5. Après la restauration complète du capitalisme en Union Soviétique, tous les communistes doivent admettre que le révisionnisme est l'ennemi idéologique le plus dangereux du marxisme-léninisme. La vie a prouvé que le révisionnisme représente la bourgeoisie au sein du mouvement communiste.

6. Dans le passé, des regroupements de partis et d'organisations se sont produits sur base d'une orientation politique et idéologique spécifique. Au sein de ces différents regroupements, certains partis ont réussi à s'enraciner profondément dans les masses; ils ont acquis des expériences révolutionnaires qui leur sont propres; ils ont réussi à intégrer le marxisme-léninisme à la réalité de leur propre pays. Dans chacun de ces regroupements, certaines organisations ont viré vers l'opportunisme de droite ou de gauche, et ont fini par vivoter sans emprise sur les luttes et par disparaître.

7. Dans la situation actuelle, tous les partis restés fidèles aux principes révolutionnaires du marxisme-léninisme ressentent la nécessité de surpasser leurs anciennes divisions et de s'unir.

8. Les communistes doivent s'unir sur base du marxisme-léninisme et de l'internationalisme prolétarien. Lorsqu'il s'agit d'unir au niveau international des partis et organisations marxistes-léninistes ayant des histoires fort différentes, on ne peut pas exiger une unité idéologique au préalable. Nous devons accepter que des divergences, même extrêmement graves, existent sur une longue période, accepter la critique et la contre-critique, tenir compte des intérêts d'ensemble du mouvement et maintenir l'unité. La défense du marxisme-léninisme et la défense de l'unité sont deux aspects d'une politique révolutionnaire conséquente.

Combattre le révisionnisme et défendre le marxisme-léninisme

1. Depuis sa création en 1919, l'Internationale Communiste a bouleversé l'histoire et changé la physionomie du monde. Le IIe Congrès de l'Internationale Communiste, en juillet 1920, a adopté des Statuts, les Conditions d'admission, le Manifeste et d'autres résolutions essentielles qui ont défini la spécificité du Mouvement Communiste International face à la social-démocratie. Jusqu'en 1956, il a maintenu son orientation révolutionnaire et son unité; sa force et son influence dans le monde n'ont cessé de s'étendre.

2. Pour réapparaître sur la scène mondiale, le Mouvement Communiste International doit se revendiquer de son histoire commune.

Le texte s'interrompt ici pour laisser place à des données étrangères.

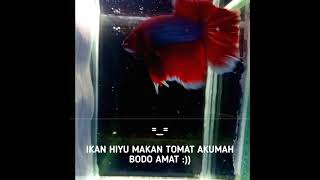 Download lagu Story Wa[Kata Kata Motivasi Versi Ikan Cupang Halfmoon] mp3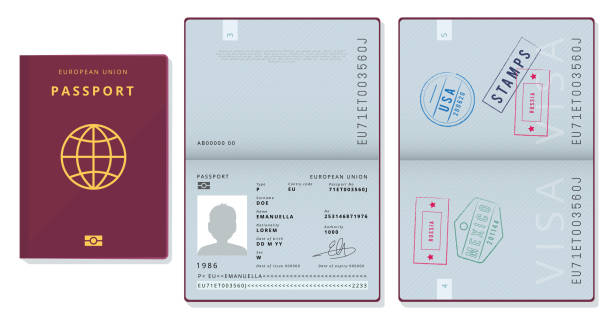 Passport template. Official id document visa sapling pages cards legal travel badges vector pictures Passport template. Official id document visa sapling pages cards legal travel badges vector pictures. Illustration official passport id, european union document passport stock illustrations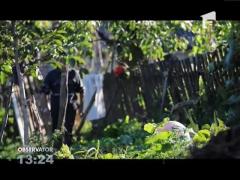 Observator 13 Weekend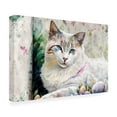 thumbnail image 4 of Canvas Wall Art - FootePrint Art 'Easter Kitty 3' Wall Art for Living Room, Bedroom, or Office Décor by Trademark Fine Art - 32 x 22 Inches, 4 of 4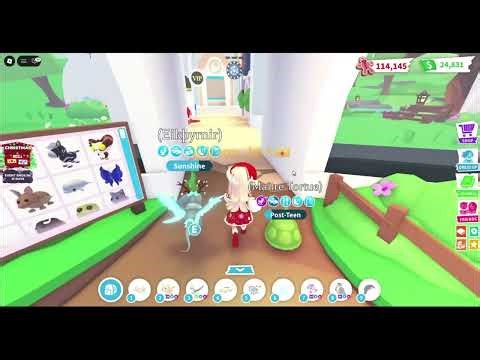 le marché de Noël + TORTUE RF!!! - ep 19 S02 - Mes maisons - Adopt Me - #roblox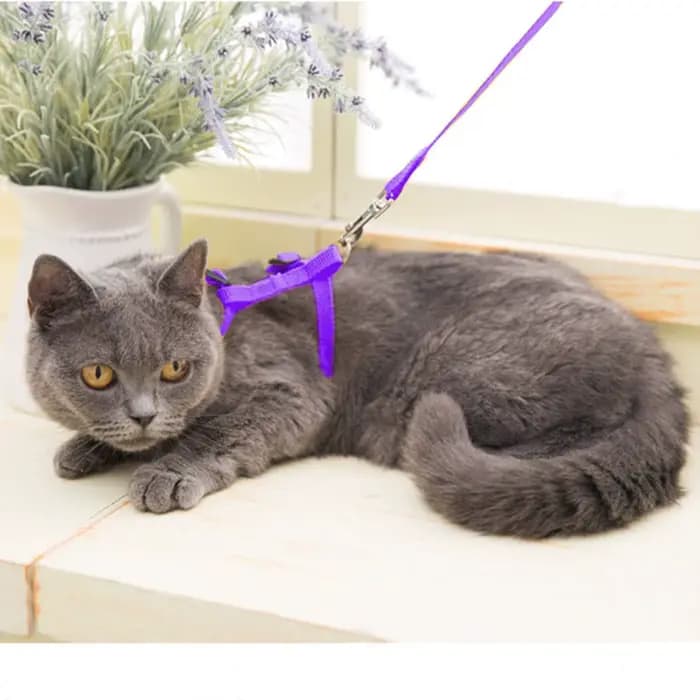 Harnais et laisse pour chat, anti-évasion, sangle en nylon réglable, collier, harnais de type H pour chats, chatons, chiots, accessoires pour animaux de compagnie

3. Lénine a poursuivi l'œuvre révolutionnaire de Marx et d'Engels et l'a développée sous les nouvelles conditions de l'impérialisme. Il a énoncé les principes de l'édification du Parti Communiste, élaboré la stratégie et la tactique de la révolution socialiste et les a mises en pratique. Il a dénoncé la social-démocratie comme étant l'idéologie de la bourgeoisie et de l'impérialisme au sein du mouvement de la classe ouvrière. Il a formulé les lignes directrices de la construction socialiste sous la dictature du prolétariat. Il a fondé l'Internationale Communiste et défendu avec fermeté les principes de l'internationalisme prolétarien.

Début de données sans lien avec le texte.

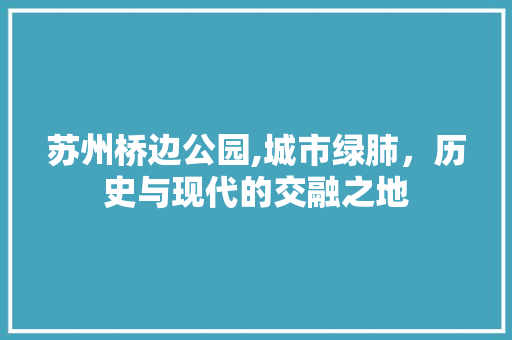 苏州桥边公园,城市绿肺，历史与现代的交融之地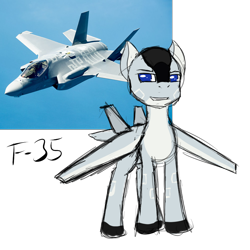 Size: 1000x1000 | Tagged: artist needed, safe, imported from derpibooru, oc, unnamed oc, original species, plane pony, pony, blue eyes, colored hooves, f-35 lightning ii, grin, irl, jet, jet fighter, jet plane, looking at you, male, photo, plane, ponified, real life background, simple background, smiling, smug, solo, stallion, transparent background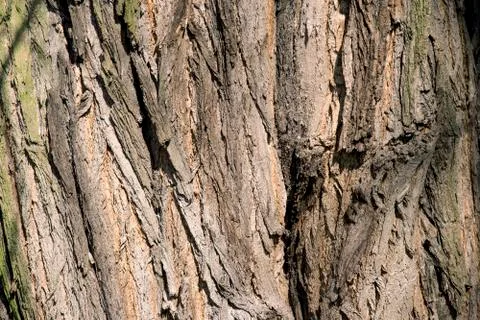 Bark tree texture close up photo with tree skin cracks. Stock Photos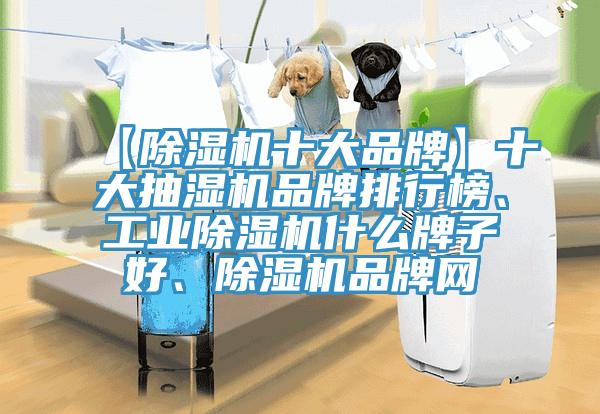 【除濕機十大品牌】十大抽濕機品牌排行榜、工業(yè)除濕機什么牌子好、除濕機品牌網(wǎng)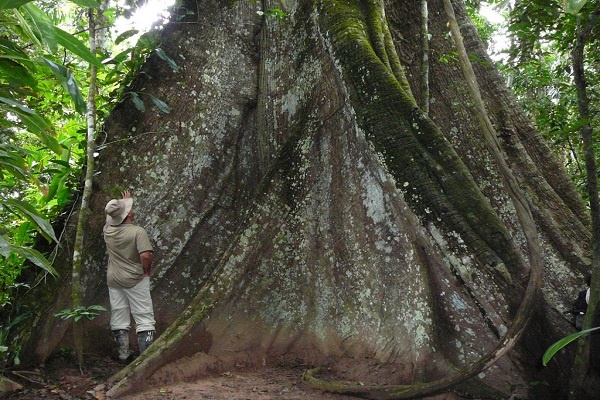 معرفی درخت و چوب ماهاگونی (آکاژو)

4. Staline a appliqué les principes léninistes et, sous sa direction, le Parti Bolchévik a transformé un pays arriéré et ruiné en un pays socialiste industrialisé. La collectivisation et la modernisation de l'agriculture soviétique, l'industrialisation socialiste, la révolution culturelle, l'édification de forces défensives puissantes, la victoire dans la guerre patriotique antifasciste, la reconstruction du pays et l'adoption d'une politique étrangère conséquente défendant la paix mondiale et soutenant les luttes anti-coloniales et anti-néocoloniales en Asie, en Afrique et en Amérique latine sont des réalisations d'une importance historique et mondiale.

5. Staline a maintenu l'idée que la lutte de classe continue sous le socialisme. Il a souligné que les anciennes forces féodales et bourgeoises ne cessent pas leur lutte pour la restauration et que les opportunistes au sein du Parti, les trotskistes, les boukhariniens, les nationalistes bourgeois et les éléments bureaucratiques aident les classes et les strates antisocialistes à regrouper leurs forces.

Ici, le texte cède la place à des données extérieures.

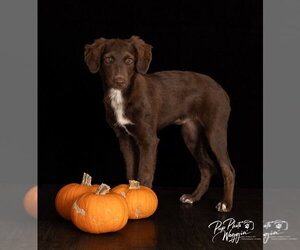 Australian Kelpie-Unknown Mix Dogs for adoption in Claremore, OK, USA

6. Khrouchtchev a imposé sa ligne révisionniste au Parti soviétique et à une partie du Mouvement Communiste International. Cette ligne a été formulée dans son rapport au XXe Congrès, dans son rapport secret sur Staline et dans son rapport au XXIIe Congrès.

7. En 1956, Khrouchtchev s'est attaqué à la politique intérieure et étrangère de Staline pour changer la ligne idéologique et politique fondamentale du Parti. Une dégénérescence progressive du système politique et économique s'en est suivie. Les théories de Krouchtchev sur l´"État du peuple tout entier" et le "Parti du peuple tout entier" ont conduit à la destruction de la dictature du prolétariat et à la cessation de la lutte de classe contre les forces et influences bourgeoises. La théorie sur "la coopération entre l'Union Soviétique et les États-Unis dans la lutte pour la paix et la sécurité des peuples" a porté des coups à la lutte anti-impérialiste. Sa théorie sur "la voie parlementaire et pacifique vers le socialisme" a renforcé les courants sociaux-démocrates au sein de plusieurs partis communistes.

8. Brejnev n'a jamais mis en cause le programme révisionniste des XXe et XXIIe Congrès et il a même "développé" les thèses sur "l'État et le Parti du peuple tout entier", en affirmant que la restauration du capitalisme en Union Soviétique était désormais impossible. Ainsi, il a détruit toute vigilance révolutionnaire et développé le bureaucratisme, le technocratisme, le carriérisme et la corruption. Vis à vis des autres partis communistes et des pays socialistes, il a souvent pratiqué une politique d'ingérence et de contrôle.

9. Sous Gorbatchev et Eltsine, le révisionnisme a été poussé jusqu'à ses conséquences ultimes, l'Union Soviétique a été démantelée et un capitalisme sauvage s'est instauré.

10. Dans le monde entier, la bourgeoisie célèbre la défaite du socialisme. En fait, nous avons été témoins de la défaite du révisionnisme initié par Khrouchtchev il y a 35 ans. Ce révisionnisme a débouché sur un échec économique complet, sur la capitulation face à l'impérialisme, sur la restauration capitaliste, sur une catastrophe sociale et sur des guerres civiles réactionnaires.

11. Khrouchtchev a entamé son travail destructeur en affirmant qu'il critiquait les erreurs de Staline dans le but de restaurer le léninisme dans sa pureté originelle. Gorbatchev a fait les mêmes promesses démagogiques pour désorienter les forces de gauche. Mais la critique du "stalinisme" n'était qu'un artifice pour camoufler les attaques contre tous les principes marxistes-léninistes. Après avoir complétement détruit le "stalinisme", Gorbatchev a déclaré ouvertement son hostilité au léninisme et son adhésion à la social-démocratie.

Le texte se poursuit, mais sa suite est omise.